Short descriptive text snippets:
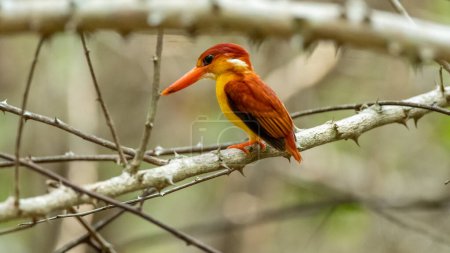 Der Orientalische Zwergeisvogel, auch als Rotrückeneisvogel bekannt, ist einer der farbenprächtigsten Eisvögel, die in Indonesien zu finden sind. ein orangefarbener Vogel thront auf einem Ast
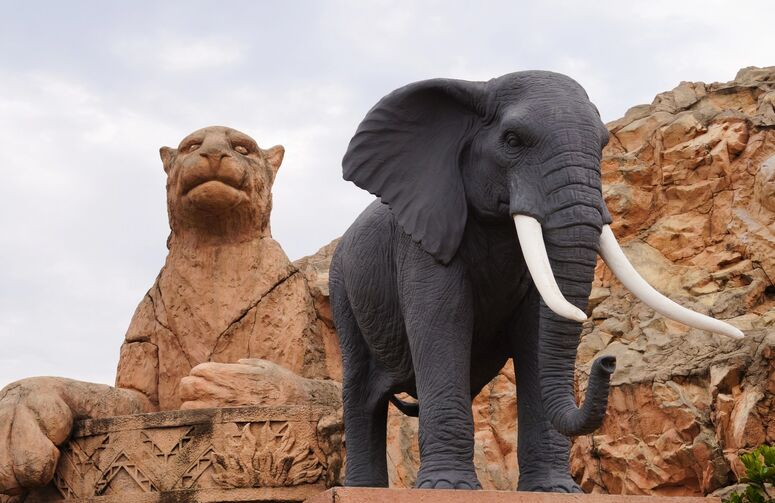 Elit Güney Afrika Turu - THY ile - 7 Gece - Ekstra Turlar Dahil! - Sömestr Dönemi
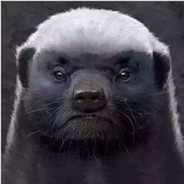 原神糕手史瓦罗芭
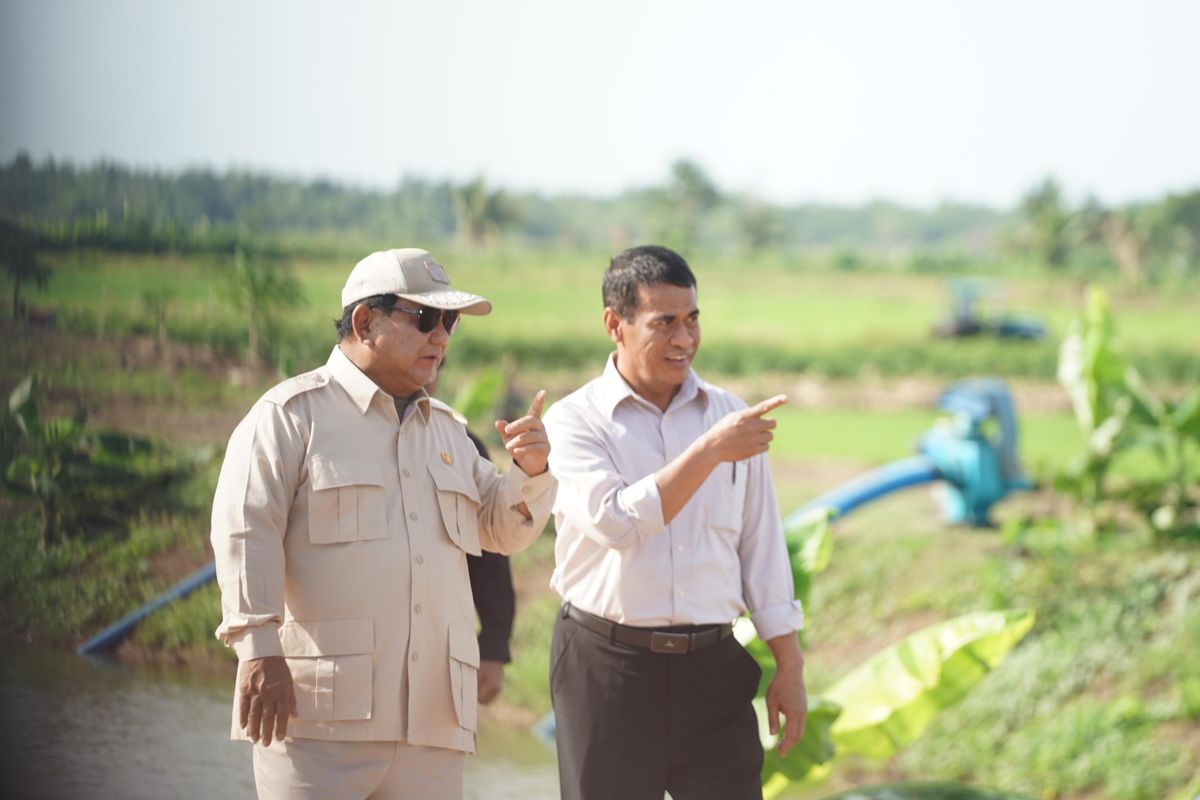 Prabowo Murka soal Beras Oplosan dan Ancaman Sita Penggilingan
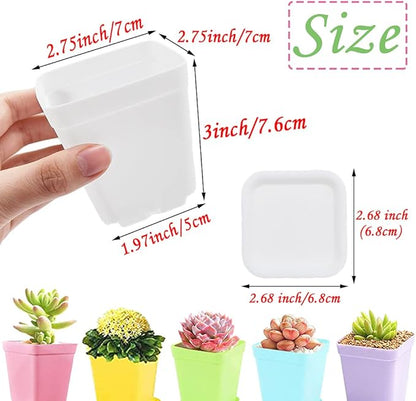 Haawooky 48 PCS 3 Inch Colorful Plastic Plant Pot,Plastic Square Nursery Pots,Seedling Nursery Pots with Saucers for Garden,Home,Office,Balcony Decor,Garden Gifts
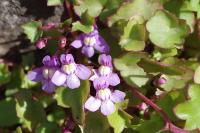 Cymbalaria muralis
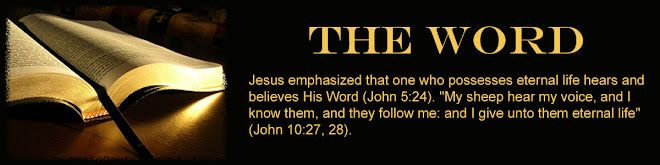 The Word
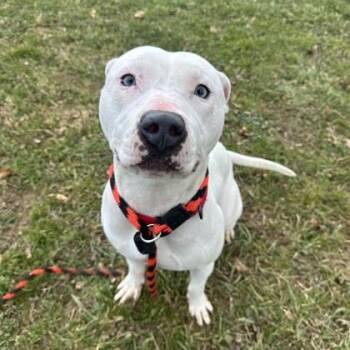 Pit Bull Terrier Dogs Available for Adoption - Bug | PetCurious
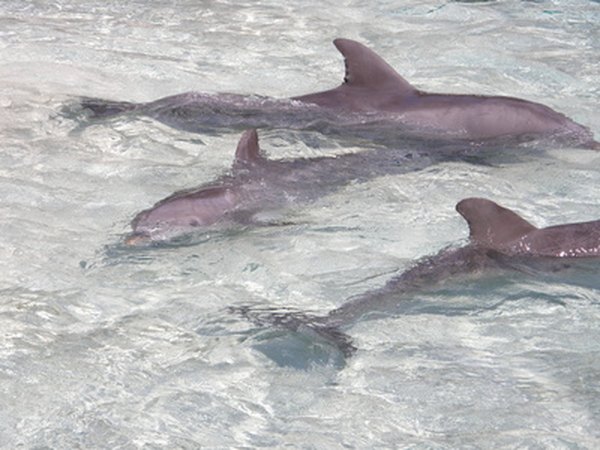 Pod of dolphins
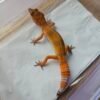 (B251643) (Betina) SHTCTB ph Tremper (Dob 3.9.25) Gecko Reptil Jakarta l Repjak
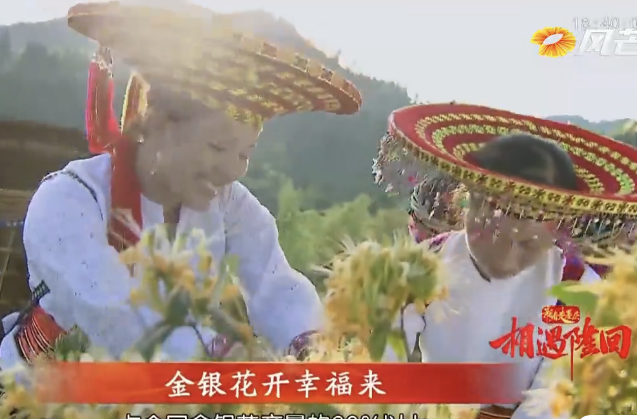 新春走基层 相遇隆回｜干•振兴路上的隆回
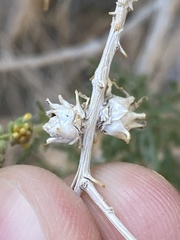 Procecidochares kristineae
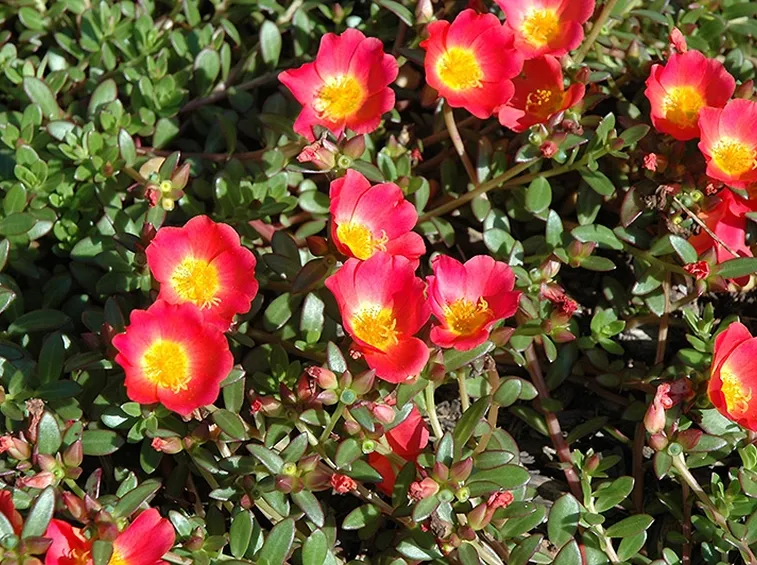 portulaca-9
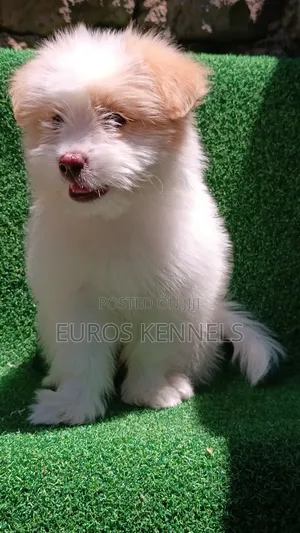 1-3 months Female Purebred Havanese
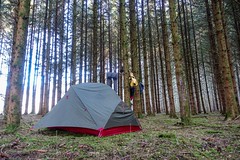 Kayaking the Semois: camping in the trees before Bouillon - Photo of Francheval
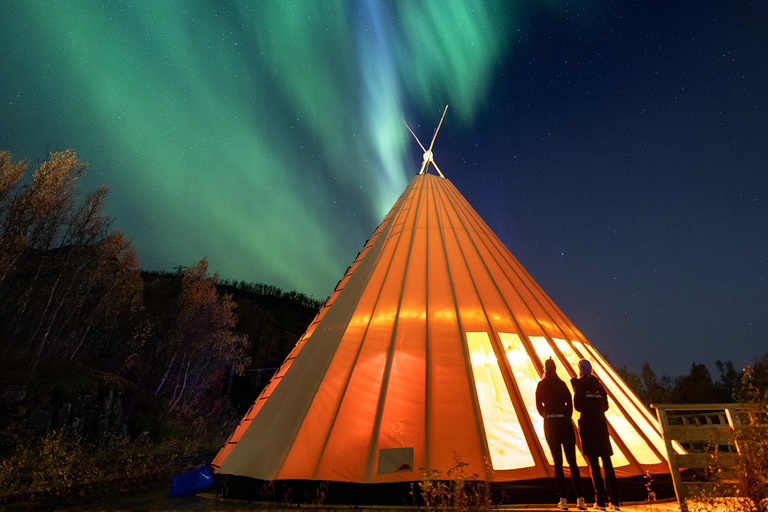 From Narvik: The Northern Lights Arctic Train Guided Tour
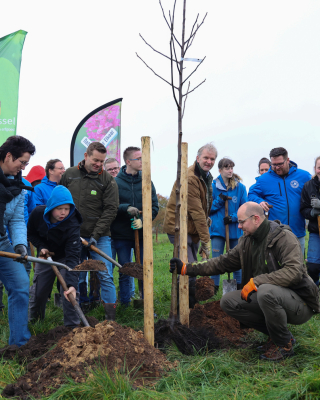 Persfoto Boomdeeldag 15-111600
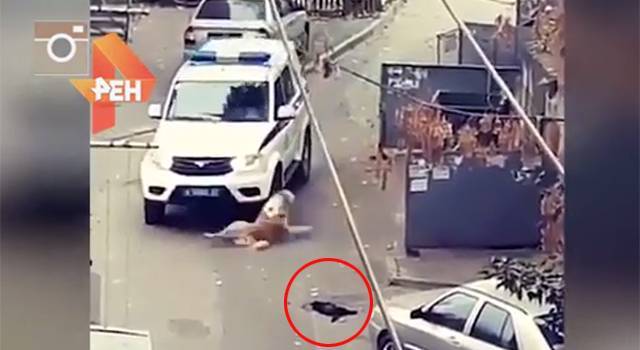 В МВД прокомментировали попытку полицейских в Ростове задавить собаку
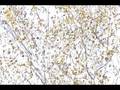 Koan Poem:  Leaves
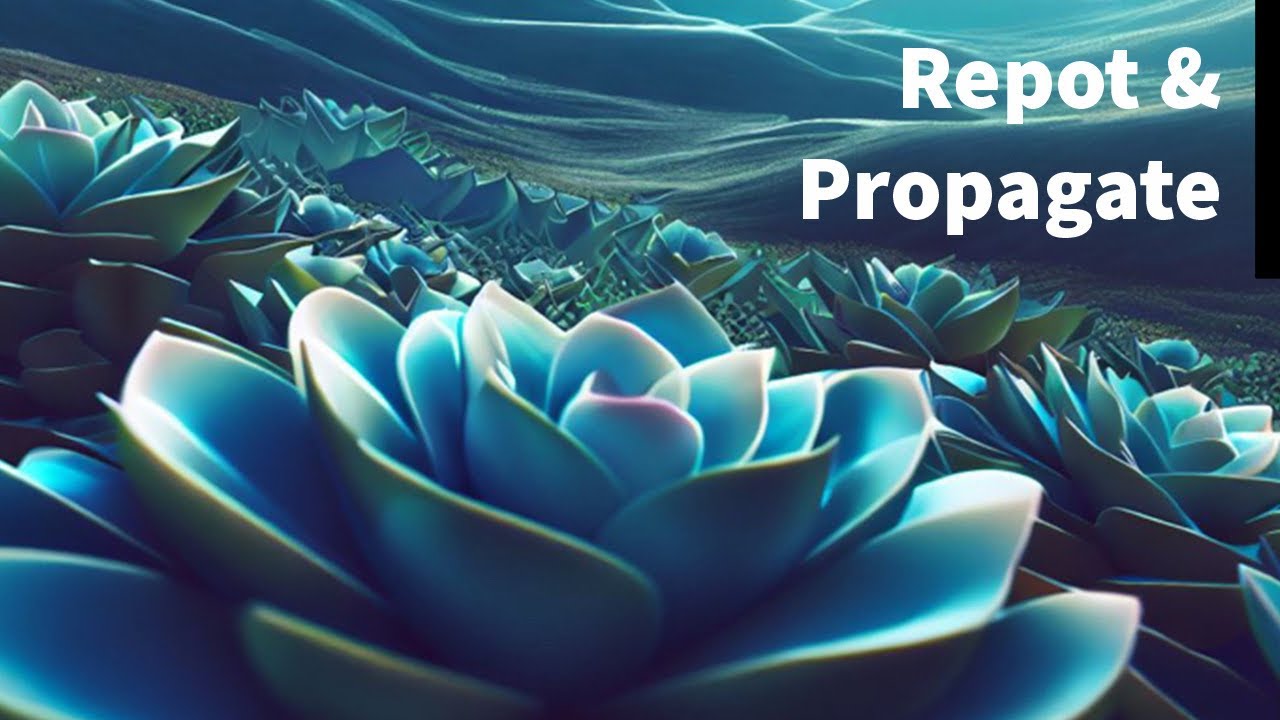 Propagating Echeveria is easy. Repot, watering and care tips.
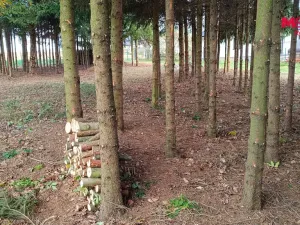 Prodej pozemku pro bydlení, Senožaty, 653 m2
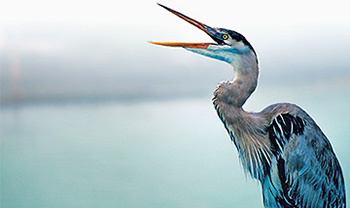 Birds of the Cuyahoga River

▶ [Assignment]: A word-for-word copy of the records is needed, with no pictures carried over.

▶ [Answer to this exercise]:
 Der Orientalische Zwergeisvogel, auch als Rotrückeneisvogel bekannt, ist einer der farbenprächtigsten Eisvögel, die in Indonesien zu finden sind. ein orangefarbener Vogel thront auf einem Ast
 Elit Güney Afrika Turu - THY ile - 7 Gece - Ekstra Turlar Dahil! - Sömestr Dönemi
 原神糕手史瓦罗芭
 Prabowo Murka soal Beras Oplosan dan Ancaman Sita Penggilingan
 Haawooky 48 PCS 3 Inch Colorful Plastic Plant Pot,Plastic Square Nursery Pots,Seedling Nursery Pots with Saucers for Garden,Home,Office,Balcony Decor,Garden Gifts
 Cymbalaria muralis
 The Word
 Pit Bull Terrier Dogs Available for Adoption - Bug | PetCurious
 Pod of dolphins
 (B251643) (Betina) SHTCTB ph Tremper (Dob 3.9.25) Gecko Reptil Jakarta l Repjak
 新春走基层 相遇隆回｜干•振兴路上的隆回
 Procecidochares kristineae
 portulaca-9
 1-3 months Female Purebred Havanese
 Kayaking the Semois: camping in the trees before Bouillon - Photo of Francheval
 From Narvik: The Northern Lights Arctic Train Guided Tour
 Persfoto Boomdeeldag 15-111600
 В МВД прокомментировали попытку полицейских в Ростове задавить собаку
 Koan Poem:  Leaves
 Propagating Echeveria is easy. Repot, watering and care tips.
 Prodej pozemku pro bydlení, Senožaty, 653 m2
 Birds of the Cuyahoga River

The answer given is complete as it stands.